* **Given records**:

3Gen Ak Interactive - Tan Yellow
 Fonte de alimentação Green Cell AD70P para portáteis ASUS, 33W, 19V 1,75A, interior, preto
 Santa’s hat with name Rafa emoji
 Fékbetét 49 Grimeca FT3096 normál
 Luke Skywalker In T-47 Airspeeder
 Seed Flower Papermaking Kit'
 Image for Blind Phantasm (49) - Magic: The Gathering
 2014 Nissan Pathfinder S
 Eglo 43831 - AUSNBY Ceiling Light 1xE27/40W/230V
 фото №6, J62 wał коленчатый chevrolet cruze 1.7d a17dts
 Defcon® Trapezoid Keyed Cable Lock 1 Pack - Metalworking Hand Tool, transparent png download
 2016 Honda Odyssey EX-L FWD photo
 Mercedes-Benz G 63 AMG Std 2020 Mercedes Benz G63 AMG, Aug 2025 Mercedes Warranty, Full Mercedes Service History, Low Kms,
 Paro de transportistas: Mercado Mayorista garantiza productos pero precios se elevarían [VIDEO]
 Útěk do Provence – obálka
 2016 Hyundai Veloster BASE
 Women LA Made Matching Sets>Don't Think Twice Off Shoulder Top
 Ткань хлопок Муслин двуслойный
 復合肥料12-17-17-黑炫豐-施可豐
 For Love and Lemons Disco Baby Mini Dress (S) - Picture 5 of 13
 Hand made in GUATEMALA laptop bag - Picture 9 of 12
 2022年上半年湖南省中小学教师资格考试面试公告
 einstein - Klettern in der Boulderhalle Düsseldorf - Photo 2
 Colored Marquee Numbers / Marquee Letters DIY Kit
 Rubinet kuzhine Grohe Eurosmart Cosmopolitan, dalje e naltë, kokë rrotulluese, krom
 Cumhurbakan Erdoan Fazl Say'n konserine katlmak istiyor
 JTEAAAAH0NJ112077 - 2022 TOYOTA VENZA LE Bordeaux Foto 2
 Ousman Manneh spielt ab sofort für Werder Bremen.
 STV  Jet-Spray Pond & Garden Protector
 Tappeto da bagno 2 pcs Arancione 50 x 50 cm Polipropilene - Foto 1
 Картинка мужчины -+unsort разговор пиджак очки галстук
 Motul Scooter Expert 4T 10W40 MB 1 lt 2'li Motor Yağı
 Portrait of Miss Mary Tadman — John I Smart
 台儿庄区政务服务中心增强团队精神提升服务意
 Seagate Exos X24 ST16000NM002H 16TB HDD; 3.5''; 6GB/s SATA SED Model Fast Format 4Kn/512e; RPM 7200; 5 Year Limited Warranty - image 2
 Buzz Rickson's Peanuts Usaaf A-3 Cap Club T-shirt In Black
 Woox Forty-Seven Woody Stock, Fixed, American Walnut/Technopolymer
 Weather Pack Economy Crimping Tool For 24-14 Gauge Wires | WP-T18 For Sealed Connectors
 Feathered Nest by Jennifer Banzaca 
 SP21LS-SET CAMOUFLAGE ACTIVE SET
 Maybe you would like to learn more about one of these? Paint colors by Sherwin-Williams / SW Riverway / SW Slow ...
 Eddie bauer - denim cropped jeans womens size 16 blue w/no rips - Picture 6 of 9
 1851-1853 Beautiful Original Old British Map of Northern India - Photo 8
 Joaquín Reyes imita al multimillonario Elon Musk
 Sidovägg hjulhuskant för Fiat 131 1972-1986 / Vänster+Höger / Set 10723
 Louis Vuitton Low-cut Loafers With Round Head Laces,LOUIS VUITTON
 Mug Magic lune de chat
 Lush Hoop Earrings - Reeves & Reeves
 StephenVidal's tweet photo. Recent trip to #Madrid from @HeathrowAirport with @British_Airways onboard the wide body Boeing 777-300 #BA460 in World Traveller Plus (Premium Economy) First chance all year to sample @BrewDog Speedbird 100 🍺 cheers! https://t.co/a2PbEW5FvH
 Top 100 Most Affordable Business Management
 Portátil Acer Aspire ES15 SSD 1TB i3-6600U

* **The problem**:
The reply should consist solely of the lines above from the one that has "JTEAAAAH0NJ112077 - 2022" through the one that has "Картинка мужчины -+unsort", reproduced exactly.

* **Solution to the problem**:
 JTEAAAAH0NJ112077 - 2022 TOYOTA VENZA LE Bordeaux Foto 2
 Ousman Manneh spielt ab sofort für Werder Bremen.
 STV  Jet-Spray Pond & Garden Protector
 Tappeto da bagno 2 pcs Arancione 50 x 50 cm Polipropilene - Foto 1
 Картинка мужчины -+unsort разговор пиджак очки галстук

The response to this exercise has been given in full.